**Assignment**: The data below contains pictures, which are to be skipped; the lines starting at the line with "2019年荣威i5 BCM针脚图" and ending at the line with "a Deacon Blues" are to be output exactly, both ends included.

**Record set**:
▼
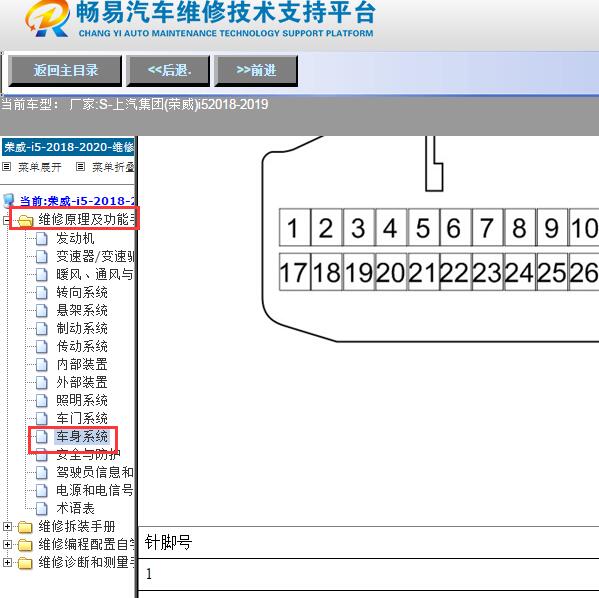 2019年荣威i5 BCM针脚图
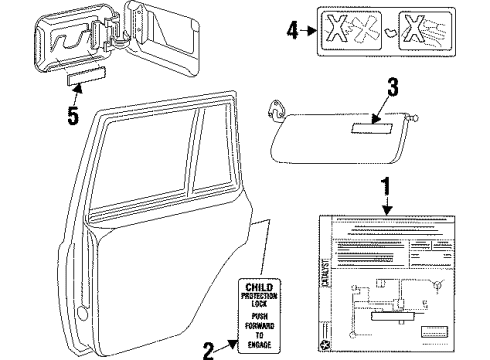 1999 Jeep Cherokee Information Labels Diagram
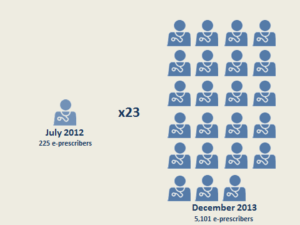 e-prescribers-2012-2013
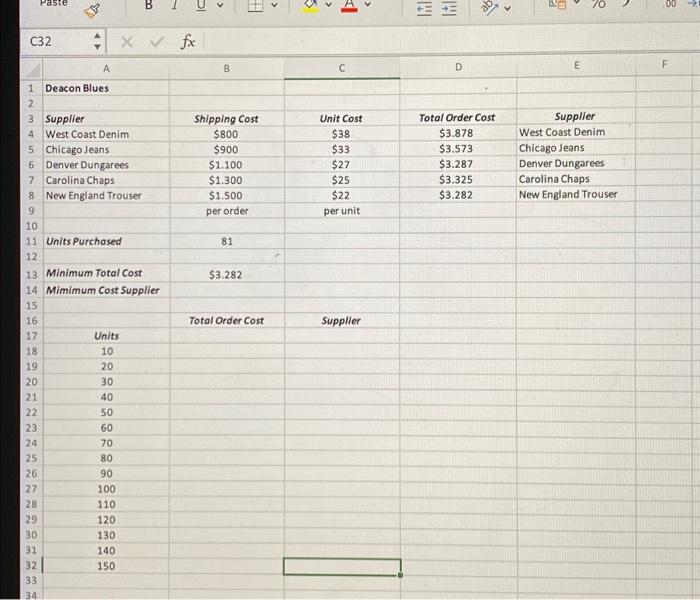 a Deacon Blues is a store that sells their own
▲
▼
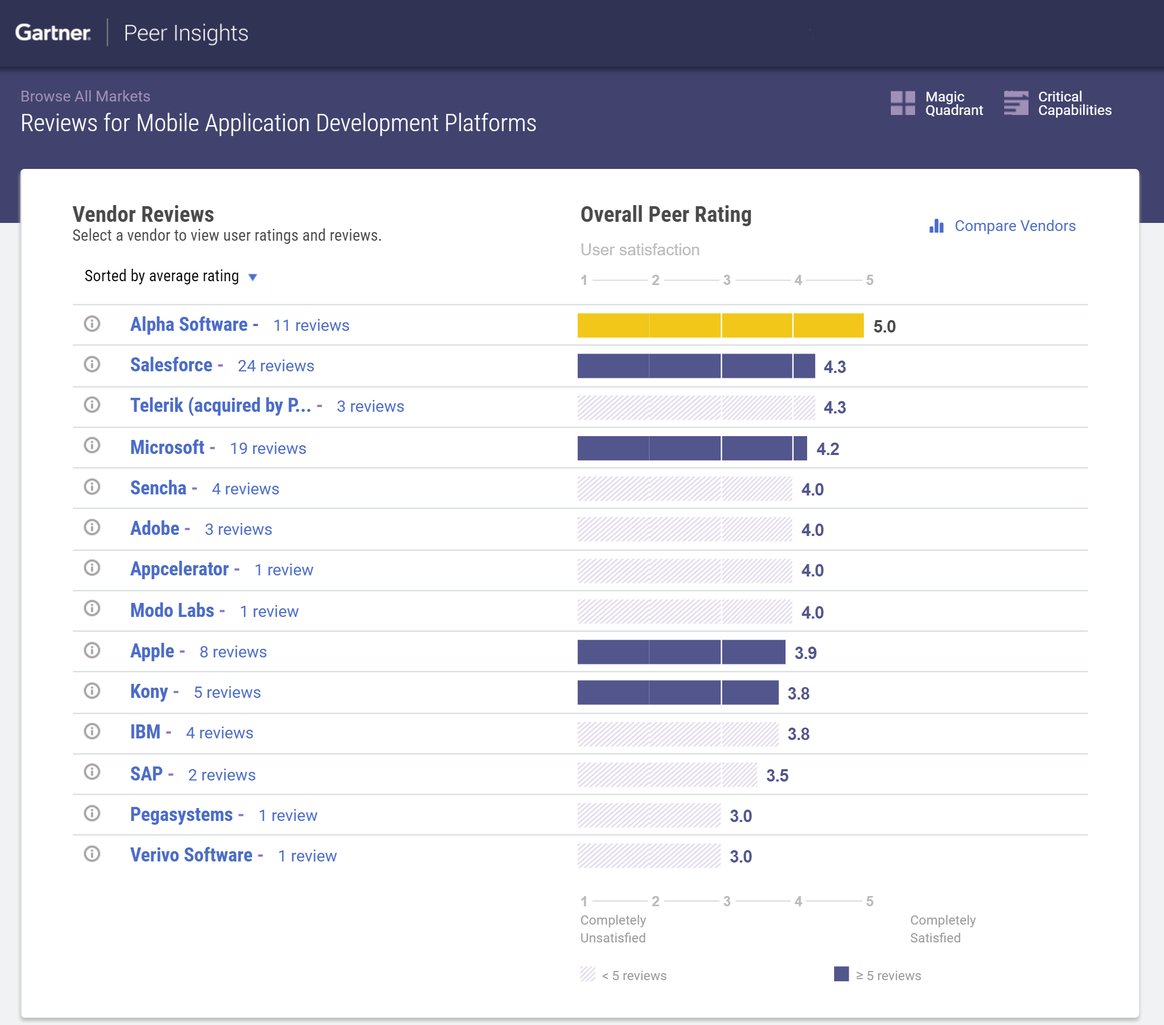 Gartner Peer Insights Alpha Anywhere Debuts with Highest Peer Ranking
▲
**Answer space**:
 2019年荣威i5 BCM针脚图
 1999 Jeep Cherokee Information Labels Diagram
 e-prescribers-2012-2013
 a Deacon Blues is a store that sells their own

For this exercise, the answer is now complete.